Philip Lowe, director general of competition at the European commission, said that the aim was to start two or three inquiries this year in the face of evidence that restrictive arrangements in the sector were anti-competitive and raised prices for consumers.
He told a Europe Forum conference on financial services that half the EU's productivity gap with the US resulted from the failure to be competitive in this sector.
"The overwhelming trend in mergers has been national consolidation and this has been encouraged by political will at the national level to create national champions.
"These do not go out into other people's markets; it's about everyone scratching each other's back and no one getting to grips with competition," he said.
The commission, which today announces its main economic priorities for the next five years, is determined to make the single market a reality for EU consumers who will be encouraged to seek financial products such as credit cards, mortgages and insurance across national borders.

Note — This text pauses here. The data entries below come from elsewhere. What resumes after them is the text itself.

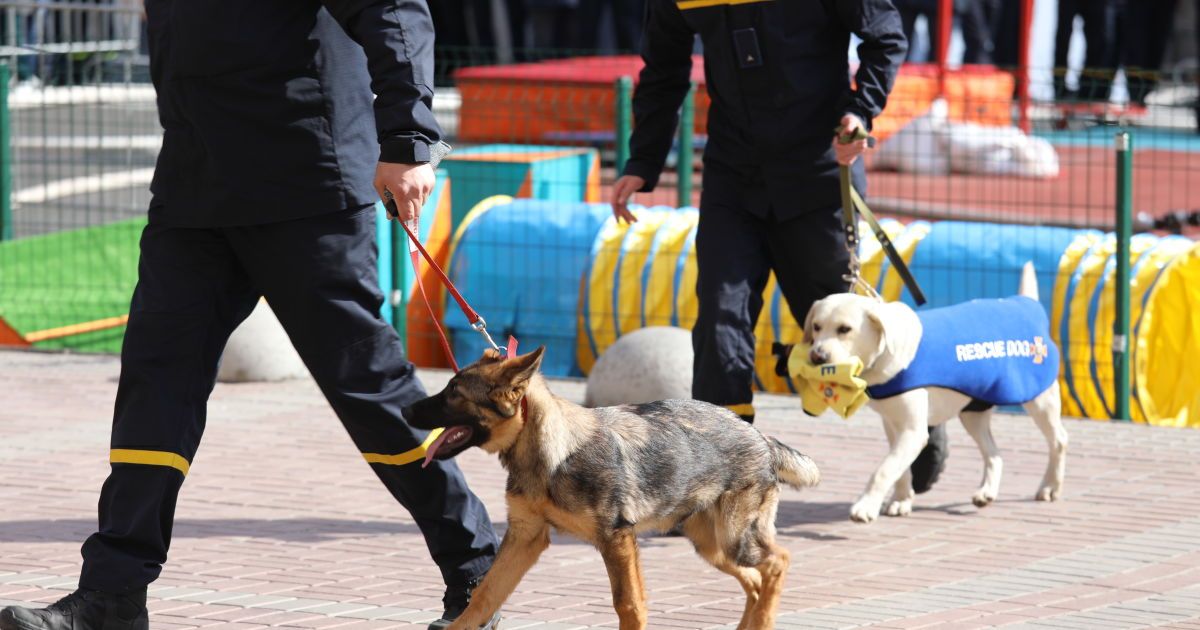 Посвята цуценят у рятувальники_2 / © ГСЧС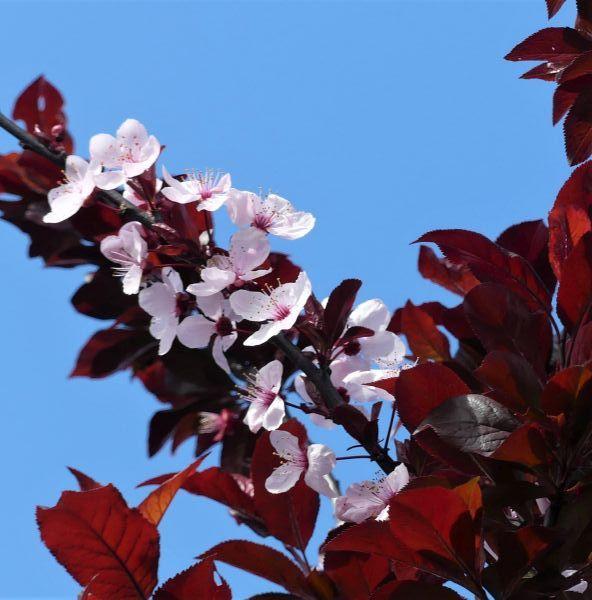 Prunus cerasifera 'Thundercloud' - Cherry Plum from Gilmore Plants
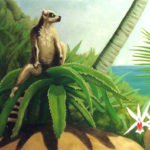 seychelles wp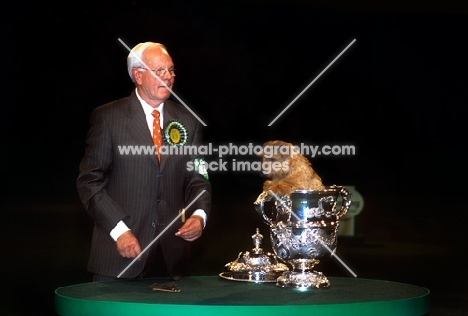 peter green handler with am ch, ch cracknor cause celebre, coco, norfolk terrier after winning crufts bis 2008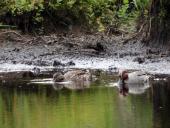 006-Alter-Torfstich-am-Turmweg-Krickente-Anas-crecca-L.-Klasing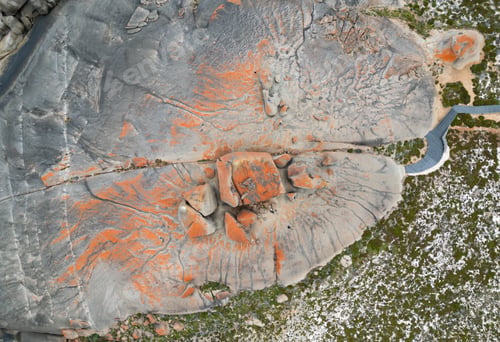 Preview: an orange lichen covered rock sitting on top of a field
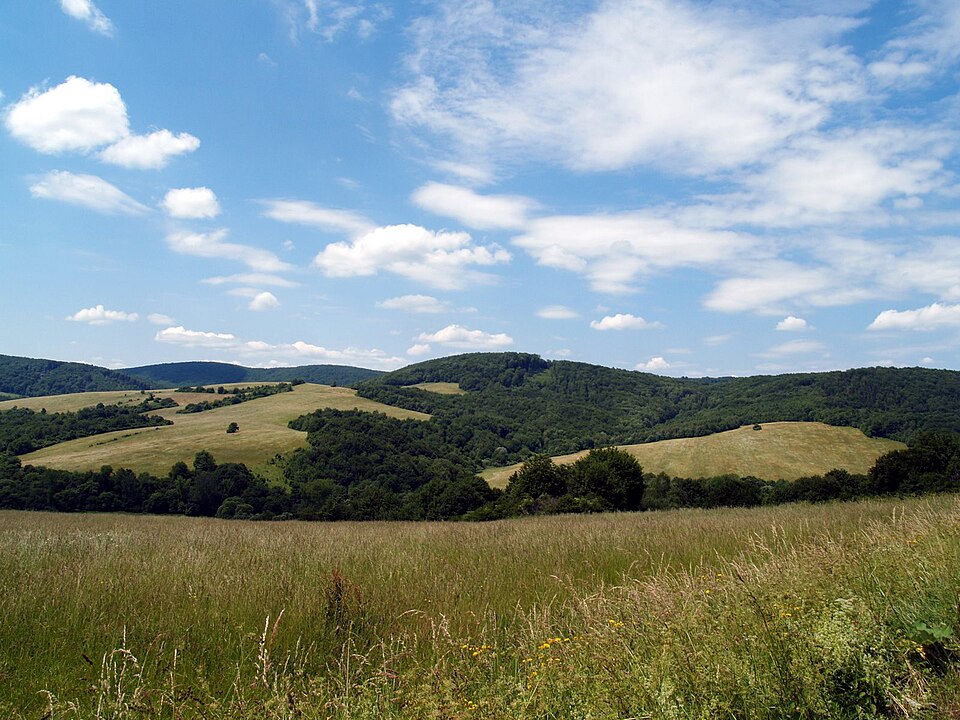 Low Beskids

It is understood to be concerned that the removal of regulatory barriers, including a promised bonfire of directives, could simply result in stronger anti-competitive practices - mainly in financial services but also in the energy and transport sectors.
The former competition commissioner, Mario Monti, said the EU faced a threefold battle on the cultural, regulatory and marketplace fronts to break down the practice of national politicians, regulators and banks which were trying to ensure that there was little or no cross-border consolidation.